[Scraped caption text data]

-- Opening Marker --

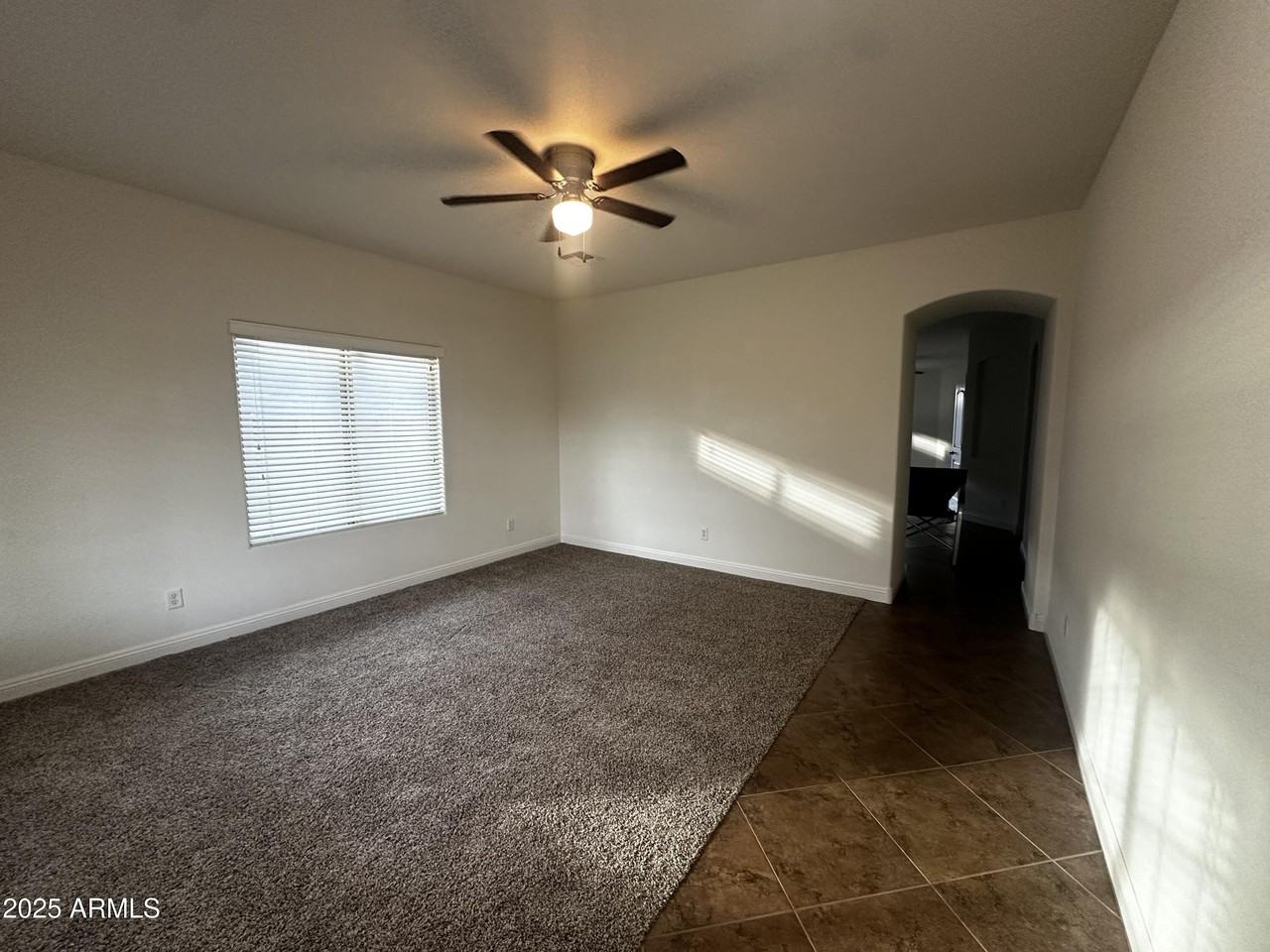 1686 W Paisley Dr - Photo 2 of 21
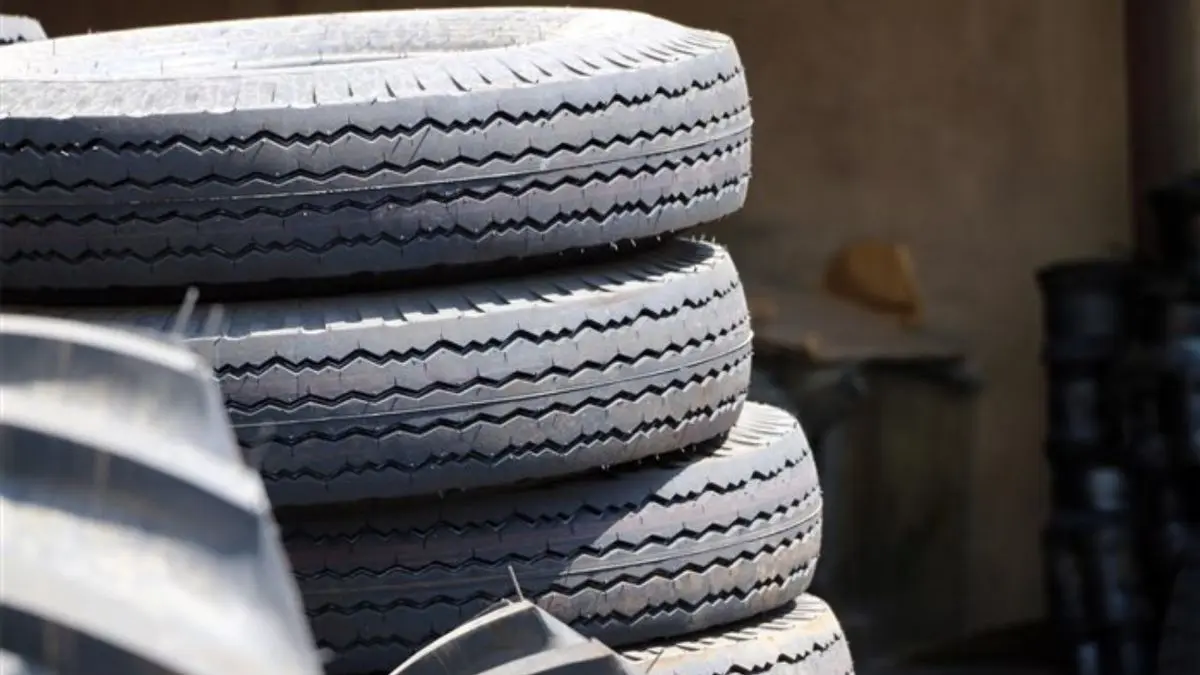 روند توزیع لاستیک در میان رانندگان با نهایت دقت انجام می‌شود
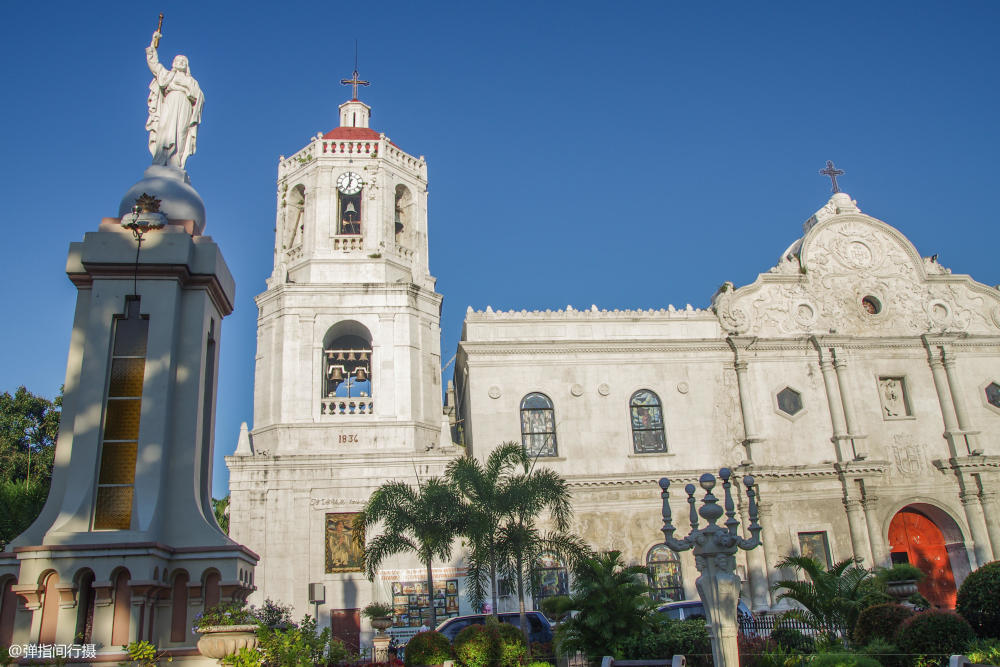 西班牙最早殖民的菲律宾城市,教堂前放石狮子,网友:能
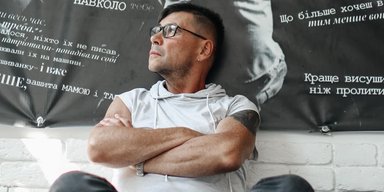 Лесик з DZIDZIO, у якого на сцені зупинилось серце, після реабілітації повернувся додому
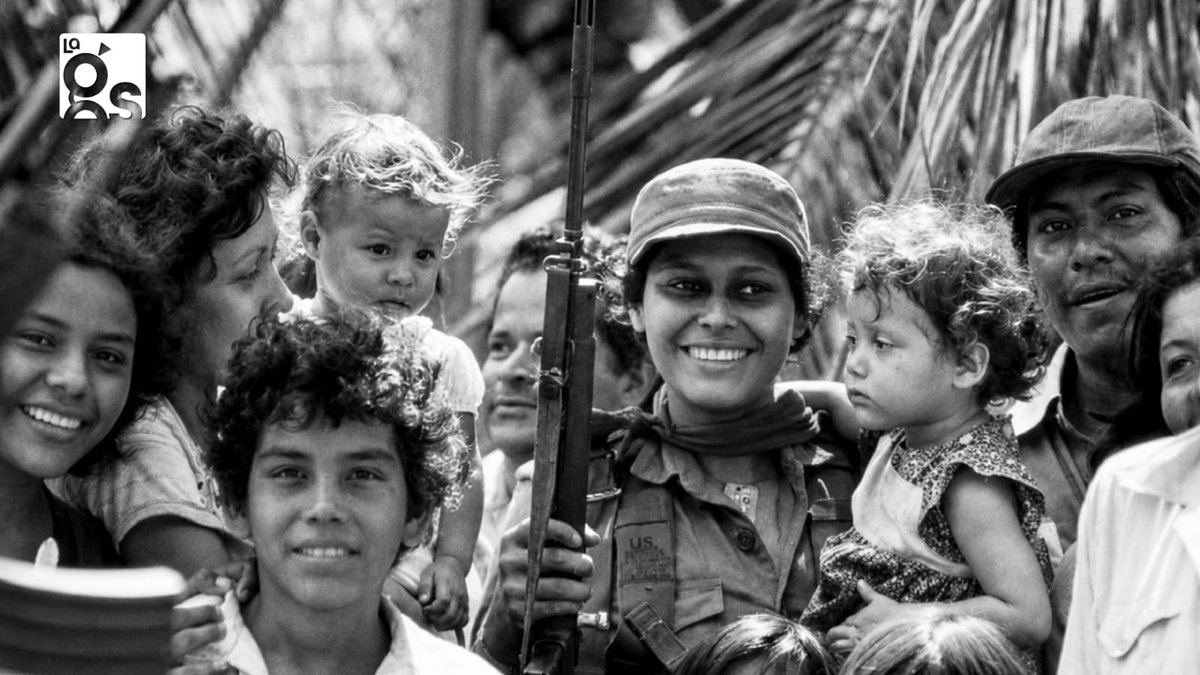 LaGacetaFSLN's tweet photo. La mirada firme en el combate y la sonrisa de un pueblo que abraza su libertad sintetizan el fuego eterno de la Revolución Sandinista.
¡A 47 años, seguimos conquistando victorias! ❤️🖤 https://t.co/cKoLEHtpia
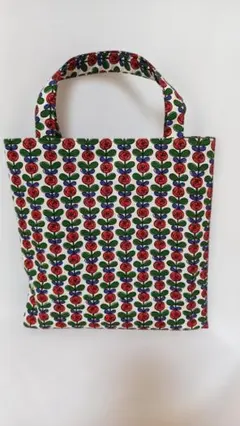 ミニトートバック　２４㎝角　ミニバラ柄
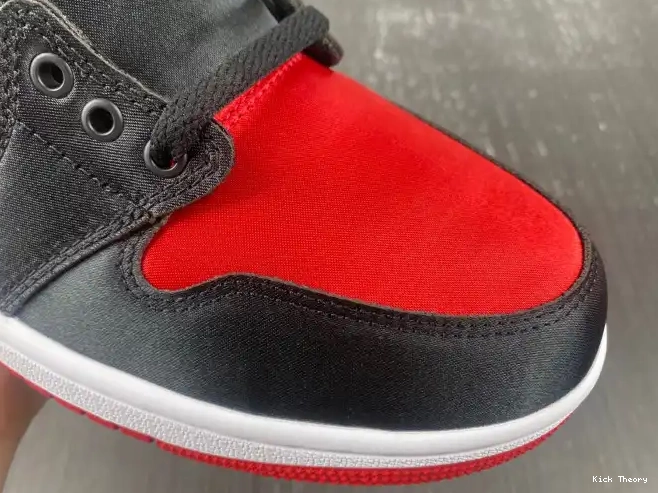 Kick Theory Air Jordan WMNS Satin FD4810-061 High OG Bred 1 0521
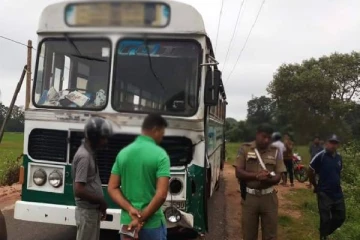 யாழில் பேருந்து சாரதியின் கவனயீனத்தால் பரிதாபமாக ஒருவர் உயிரிழப்பு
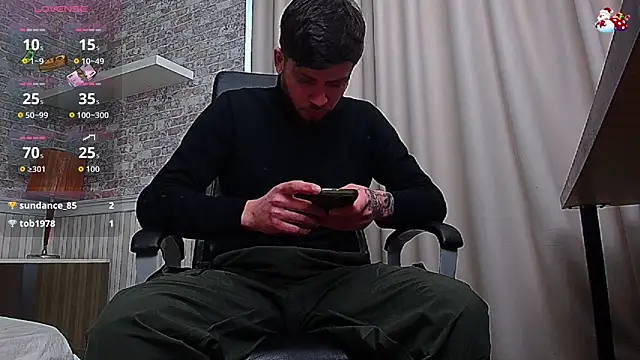 JonahShaw live sex cam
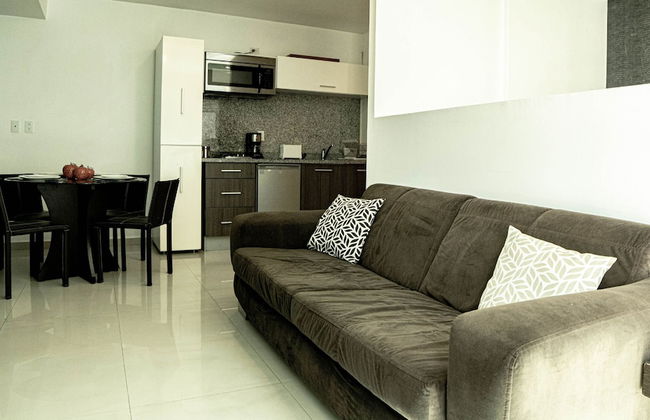 Tiny Apartment with Rooftop pool y GYM - Foto 8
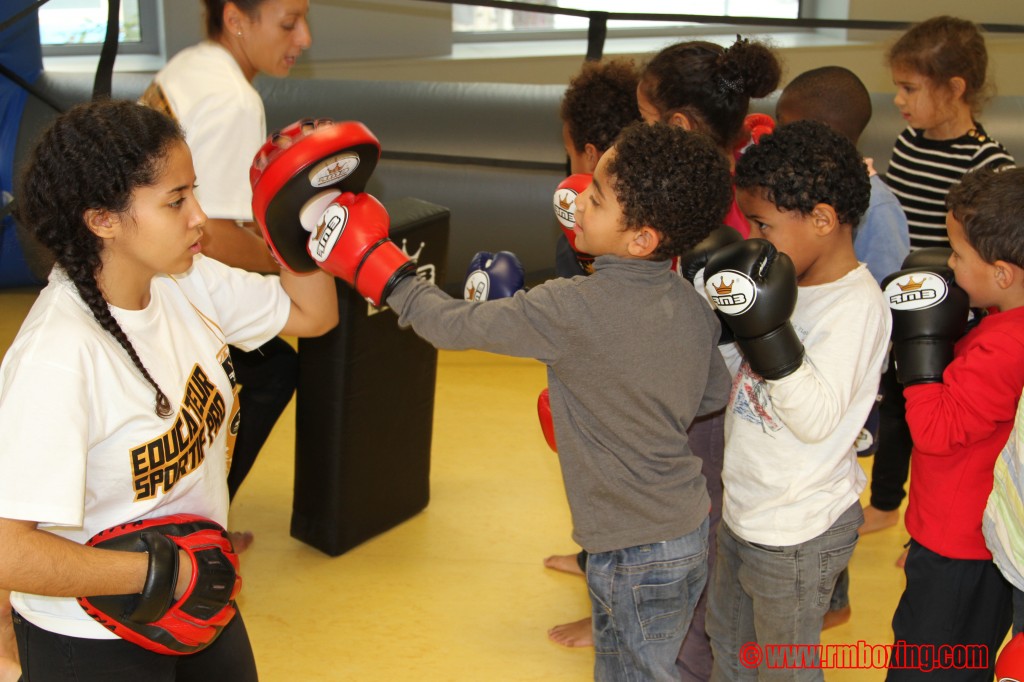Stage De Boxe Thai Dans Les Centres De Loisirs Saint Ouen Stage De Boxe Thai Dans Les Centres De Loisirs Saint Ouen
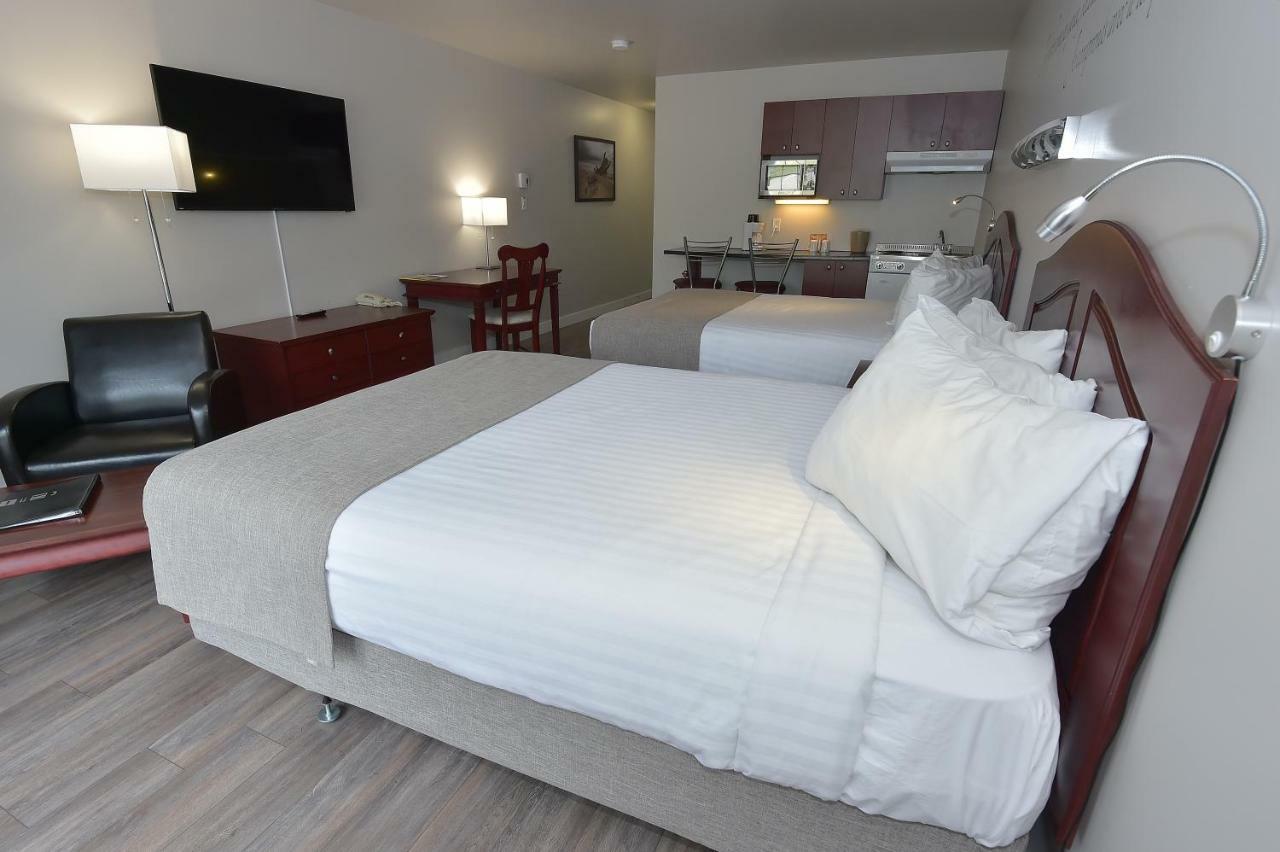 Les Pavillons Du Petit Manoir Du Casino Hotel Ла Мале Екстериор снимка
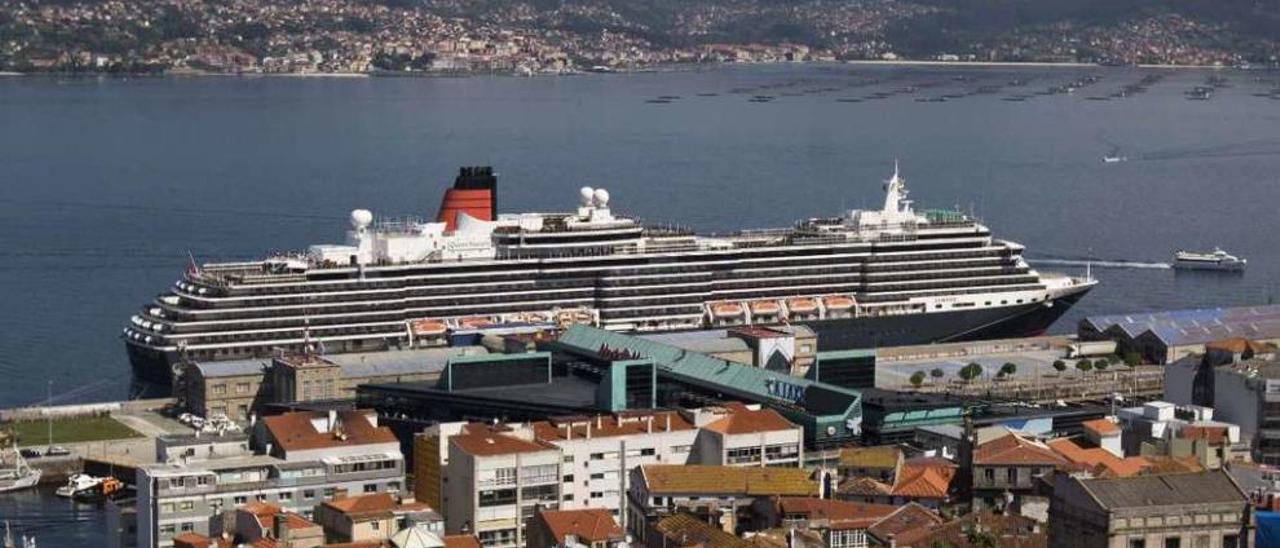 El &quot;Queen Victoria&quot; sucede al &quot;Harmony&quot; en la Estación Marítima |  Cuando aún no se habían apagado los ecos de la escala del mayor crucero del mundo, la Estación Marítima recibía ayer la visita del trasatlántico inglés Queen Victoria. Con más de 2.000 pasajeros y 900 tripulantes, el elegante buque de Cunard Line arribó en el marco de un crucero de siete noches desde Southampton, con atraques en Leixões, Lisboa, Vigo y St. Peter Port. Tras nueve horas de escala, zarpó a las 18.30 horas después de ser consignado por Pérez y Cía. El próximo crucero que llegue a Vigo será el Artania, el próximo sábado. Informa: Fco. Díaz Guerrero.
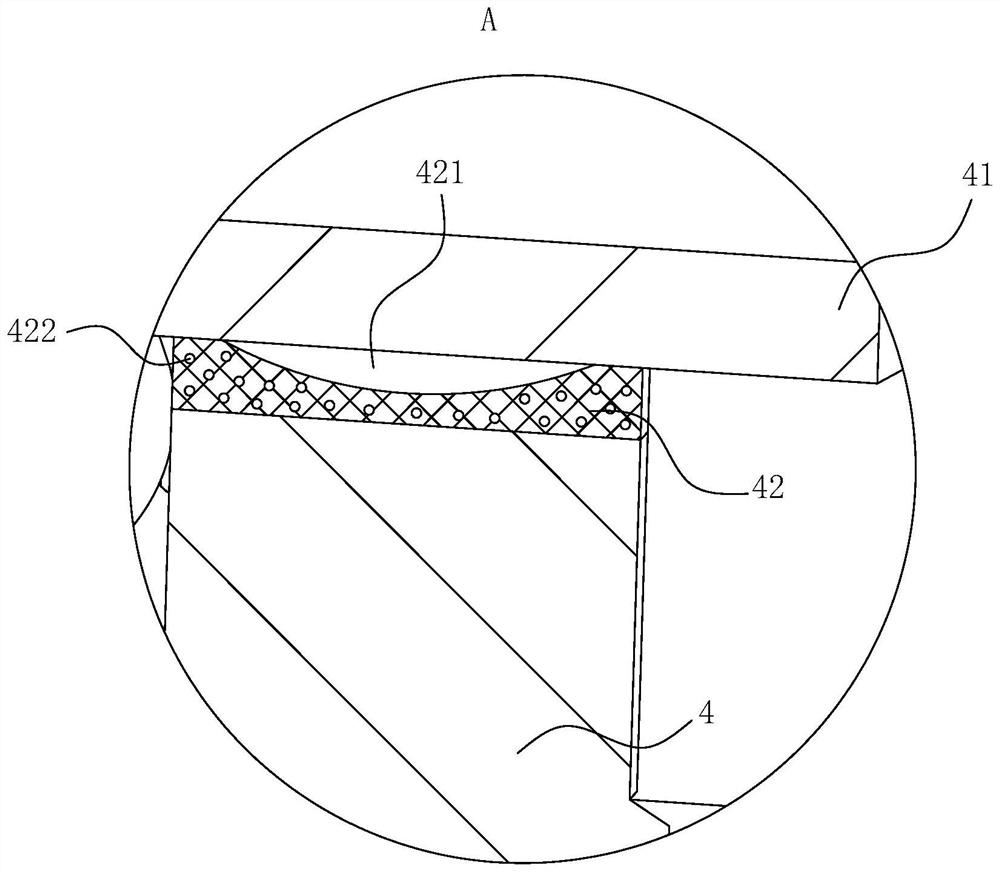 Welding bead residual stress eliminating device and method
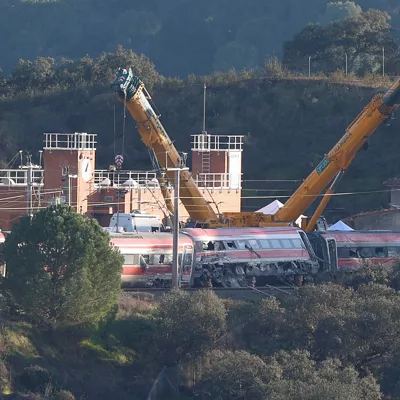 ADAMUZ (CÓRDOBA), 20/01/2026.- Una grúa trabaja en las inmediaciones del lugar de descarrilamiento de los trenes en el accidente ferroviario de Adamuz (Córdoba). EFE/Jorge Zapata
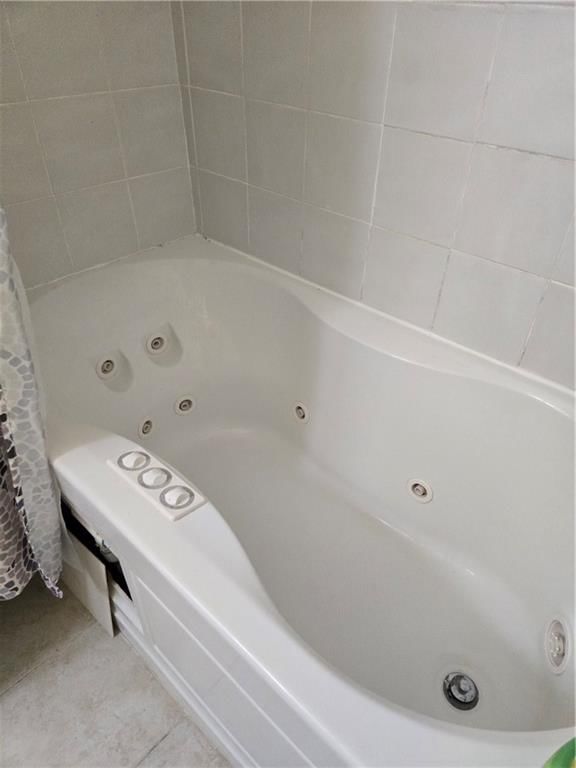 802 N King Avenue — photo 11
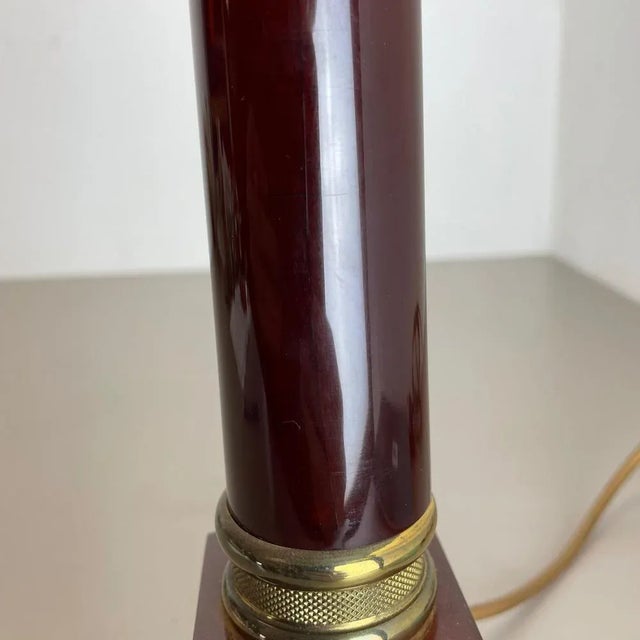 Modernist Italian Red Catalina and Brass Tube Table Light, 1960s For Sale - Image 16 of 18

-- Closing Marker --

## How to complete this task
Reproduce each line of the records above, exactly and without pictures.

## Solved exercise
 1686 W Paisley Dr - Photo 2 of 21
 روند توزیع لاستیک در میان رانندگان با نهایت دقت انجام می‌شود
 西班牙最早殖民的菲律宾城市,教堂前放石狮子,网友:能
 Лесик з DZIDZIO, у якого на сцені зупинилось серце, після реабілітації повернувся додому
 LaGacetaFSLN's tweet photo. La mirada firme en el combate y la sonrisa de un pueblo que abraza su libertad sintetizan el fuego eterno de la Revolución Sandinista.
¡A 47 años, seguimos conquistando victorias! ❤️🖤 https://t.co/cKoLEHtpia
 ミニトートバック　２４㎝角　ミニバラ柄
 Kick Theory Air Jordan WMNS Satin FD4810-061 High OG Bred 1 0521
 யாழில் பேருந்து சாரதியின் கவனயீனத்தால் பரிதாபமாக ஒருவர் உயிரிழப்பு
 JonahShaw live sex cam
 Tiny Apartment with Rooftop pool y GYM - Foto 8
Stage De Boxe Thai Dans Les Centres De Loisirs Saint Ouen Stage De Boxe Thai Dans Les Centres De Loisirs Saint Ouen
 Les Pavillons Du Petit Manoir Du Casino Hotel Ла Мале Екстериор снимка
 El &quot;Queen Victoria&quot; sucede al &quot;Harmony&quot; en la Estación Marítima |  Cuando aún no se habían apagado los ecos de la escala del mayor crucero del mundo, la Estación Marítima recibía ayer la visita del trasatlántico inglés Queen Victoria. Con más de 2.000 pasajeros y 900 tripulantes, el elegante buque de Cunard Line arribó en el marco de un crucero de siete noches desde Southampton, con atraques en Leixões, Lisboa, Vigo y St. Peter Port. Tras nueve horas de escala, zarpó a las 18.30 horas después de ser consignado por Pérez y Cía. El próximo crucero que llegue a Vigo será el Artania, el próximo sábado. Informa: Fco. Díaz Guerrero.
 Welding bead residual stress eliminating device and method
 ADAMUZ (CÓRDOBA), 20/01/2026.- Una grúa trabaja en las inmediaciones del lugar de descarrilamiento de los trenes en el accidente ferroviario de Adamuz (Córdoba). EFE/Jorge Zapata
 802 N King Avenue — photo 11
 Modernist Italian Red Catalina and Brass Tube Table Light, 1960s For Sale - Image 16 of 18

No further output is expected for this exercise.